Central Limit Theorem

Let $X_1, X_2, ...$ be a sequence of independent random variables with $E(X_i) = \mu_i$ and $Var(X_i) = (\sigma_i)^2$ . Show that if $n^{-1} \sum_{i=1}^{n} \mu_i \rightarrow \mu$ and $n^{-2}\sum_{i=1}^{n}{\sigma_i}^2\rightarrow 0$ , then $\bar{X} \rightarrow \mu$ in probability.
February 4th 2010, 09:47 PM
matheagle

Quote:

Originally Posted by h2osprey

Let $X_1, X_2, ...$ be a sequence of independent random variables with $E(X_i) = \mu_i$ and $Var(X_i) = (\sigma_i)^2$ . Show that if $n^{-1} \sum_{i=1}^{n} \mu_i \rightarrow \mu$ , then $\bar{X} \rightarrow \mu$ in probability.

you want $P\left(\left|{\sum_{i=1}^n X_i\over n}-\mu\right|>\epsilon\right)\to 0$ for all $\epsilon>0$

Try adding and subtracting ${\sum_{i=1}^n \mu_i\over n}$

$P\left(\left|{\sum_{i=1}^n X_i\over n}-\mu\right|>\epsilon\right)$

$\le P\left(\left| {\sum_{i=1}^n X_i\over n} -{\sum_{i=1}^n \mu_i\over n}\right|>\epsilon/2\right) +P\left(\left| {\sum_{i=1}^n \mu_i\over n} -\mu\right|>\epsilon/2\right)$
February 6th 2010, 10:10 PM
h2osprey

Quote:

Originally Posted by matheagle

you want $P\left(\left|{\sum_{i=1}^n X_i\over n}-\mu\right|>\epsilon\right)\to 0$ for all $\epsilon>0$

Try adding and subtracting ${\sum_{i=1}^n \mu_i\over n}$

$P\left(\left|{\sum_{i=1}^n X_i\over n}-\mu\right|>\epsilon\right)$

$\le P\left(\left| {\sum_{i=1}^n X_i\over n} -{\sum_{i=1}^n \mu_i\over n}\right|>\epsilon/2\right) +P\left(\left| {\sum_{i=1}^n \mu_i\over n} -\mu\right|>\epsilon/2\right)$

Ah I suppose after that you just apply Chebyshev's inequality and the proof is done.

Thing is, I'm not quite sure how the inequality you mentioned holds? I can see intuitively how it works, but is there a theorem or proof or something for that?

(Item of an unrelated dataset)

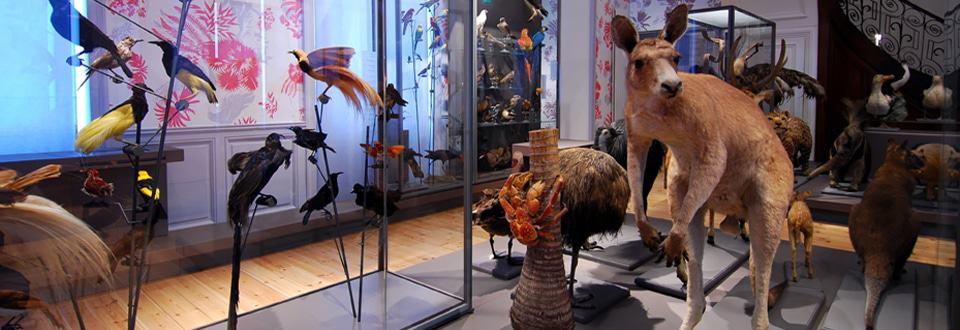 Muséum d'Histoire Naturelle de La Rochelle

EDIT: Nvm, figured it out. Thanks for everything!

Also, I edited the question, left out the fact that the variances converge (I suppose this is for applying Chebyshev's inequality later.)
February 6th 2010, 10:15 PM
matheagle

I KNEW you left something out!
Second term goes to zero since they are constants and the different goes to zero.
And you square the absolute value and use markov/chebyshev's in the first.
I didn't think this was complete.
Either you needed that the sum of the variances divided by the square of n to zero
OR another way was that all the variances were equal OR the sup of the variances was bounded....
But something was off.
February 6th 2010, 10:25 PM
matheagle

Quote:

Originally Posted by h2osprey

Thing is, I'm not quite sure how the inequality you mentioned holds? I can see intuitively how it works, but is there a theorem or proof or something for that?

IF $P(|A+B|>2c)$ then $P(\{|A|>c\} \cup \{|B|>c\})$

So $P(\{|A|>c\} \cup \{|B|>c\}) \le P(|A|>c)+P(|B|>c)$
February 7th 2010, 09:14 AM
h2osprey

Yup that's what I got thanks a lot for the help!

Sorry for the missing variances thing.. it was part of the previous question so I left it out by accident (Itwasntme)
February 7th 2010, 01:50 PM
matheagle

I couldn't finish your problem since it didn't seem correct, without some more info.
That's why I stopped after using the triangle inequality.